Westbury Park Primary (Ofsted 2014 "outstanding").

Stoke Bishop CofE (Ofsted 2012 "good")

Sea Mills Primary (Ofsted 2013 "good").

Our Lady of the Rosary Catholic Primary (Ofsted 2009 "outstanding").

Oasis Academy Bank Leaze (Ofsted 2014 "requires improvement").

Oasis Academy Long Cross (Ofsted 2013 "requires improvement).


St Bede's Catholic College (Ofsted 2014 "good").



Torwood House School

Bristol Steiner School

Badminton School

Clifton College




Stoke Bishop Adult Education Centre is based at Stoke Lodge



Parks, Sport and Leisure


Stoke Lodge playing field is mainly used by schools for athletics, football, and cricket. There's a children's play area here too, and also nearby at Sea Mills park and Canford park.

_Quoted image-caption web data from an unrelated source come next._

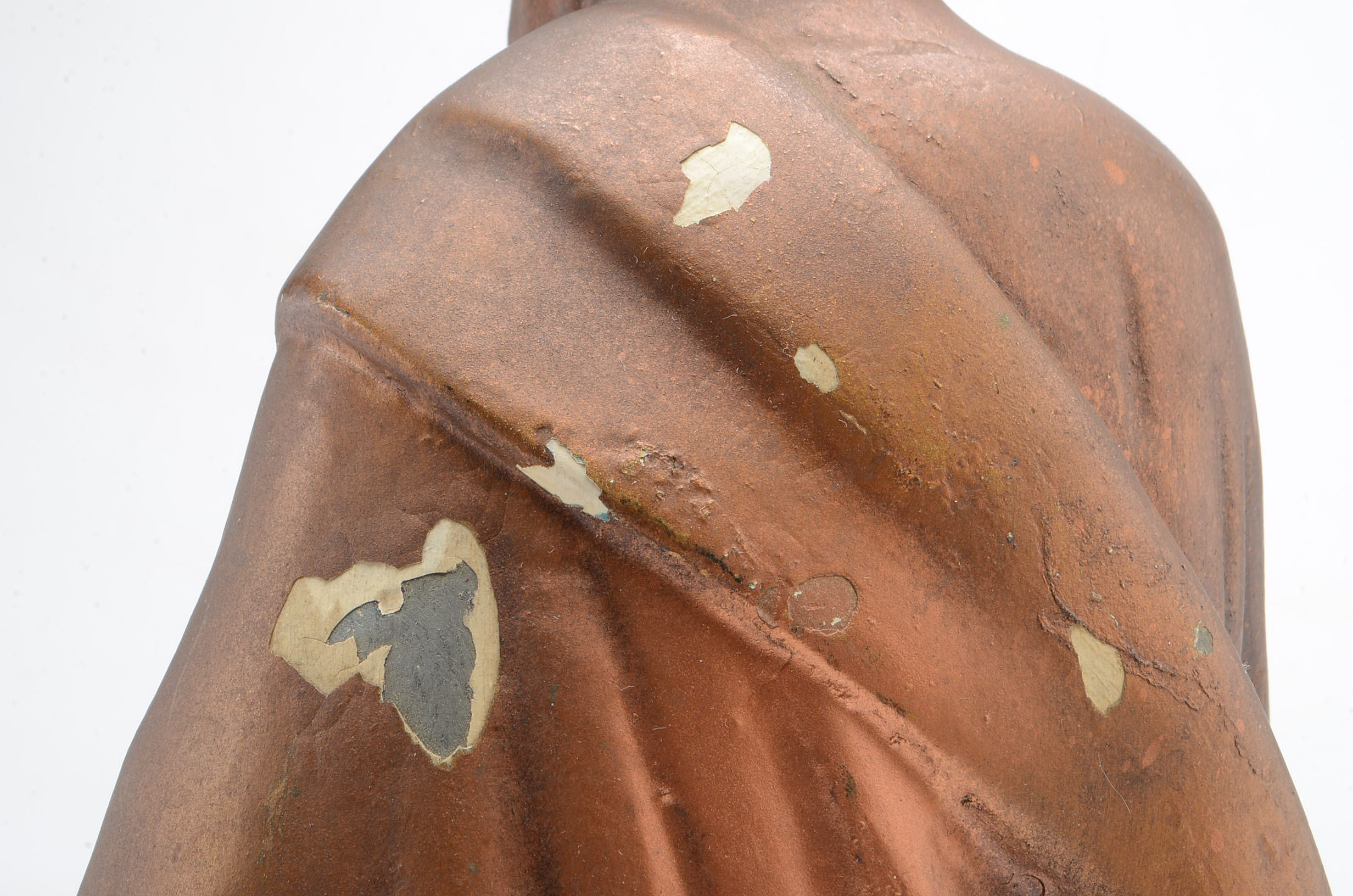 Vintage Prophet Moses Metal Statue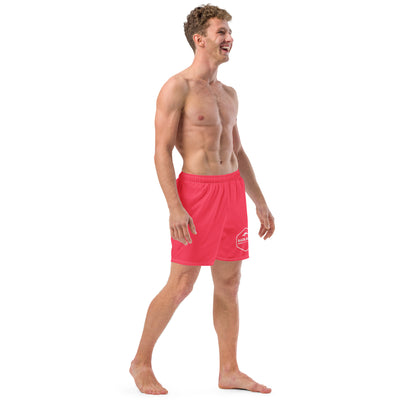 Badlands Men's Swim Trunks in electric pink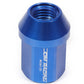 Aluminum Acorn Lug Nuts M12x1.5 Blue 20pc Set with Adapter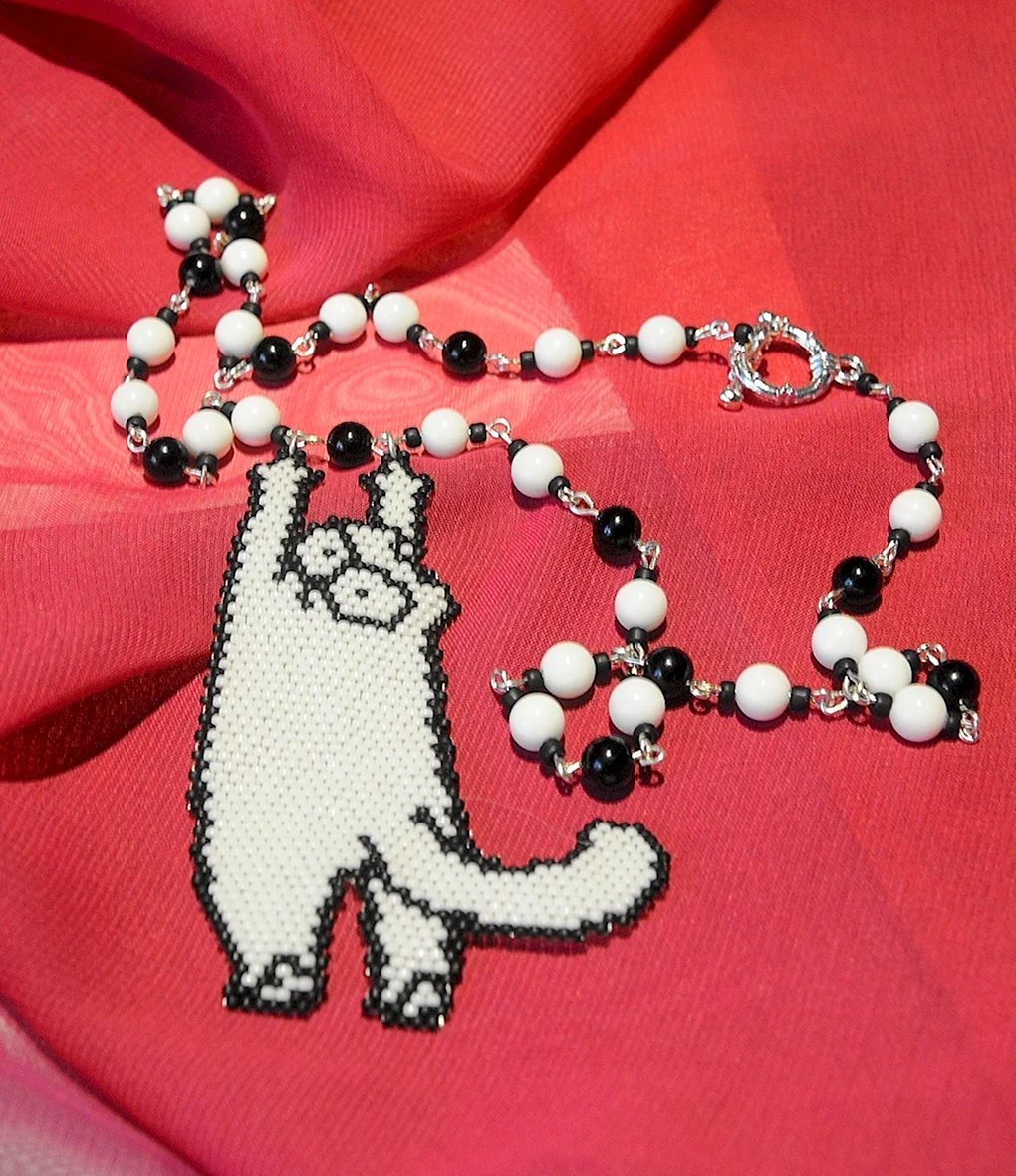 Котик из бисера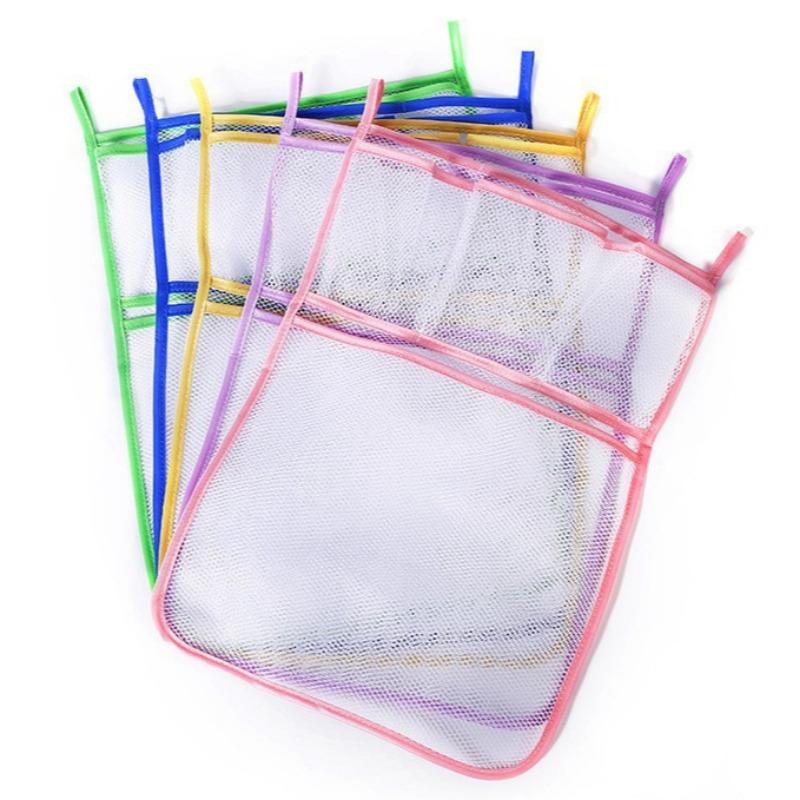 Подвесные сумки для хранения всякой всячины в ванной с присоской, без проколов, детские принадлежности для купания, игрушки, сортировка, организация, сетчатый мешок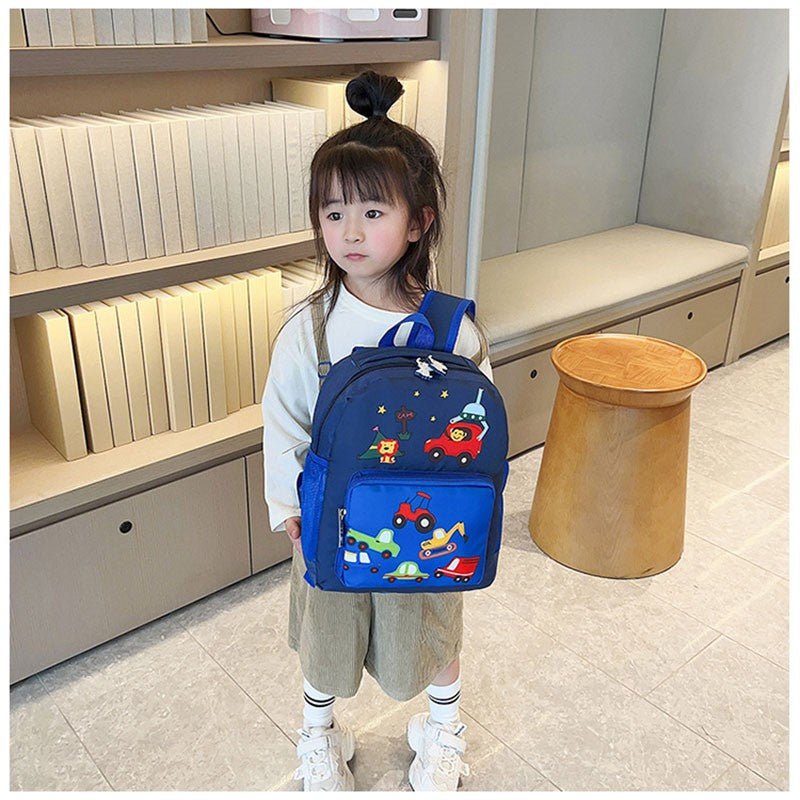 MILANCEL Nova Bolsa Infantil para Meninos Desenho Animado Crianças Fofo Jardim de Infância Mochila Carro Meninas 2 Cores Bolsa de Ombro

If you, the family or your canine friend need open space to run and explore, Blaise Castle Estate and Durdham Down (also known as The Downs) should fit the bill.


Two golf courses ( Shirehampton and Henbury) are within easy reach and next to the primary school in Stoke Bishop is Bristol Croquet Club.


Bristol Uni's Combe Dingle sports complex has pitches and courts to hire and a number of clubs are based here, among them Combe Dingle Tennis Club, Stoke Bishop Cricket Club, Westbury Hockey Club and Westberries Ladies Hockey Club, and St Brendan's RFC.



In Coombe Dingle, there is a parade of shops on Westbury Lane, with two convenience stores, Indian and Chinese takeaways and a cake shop.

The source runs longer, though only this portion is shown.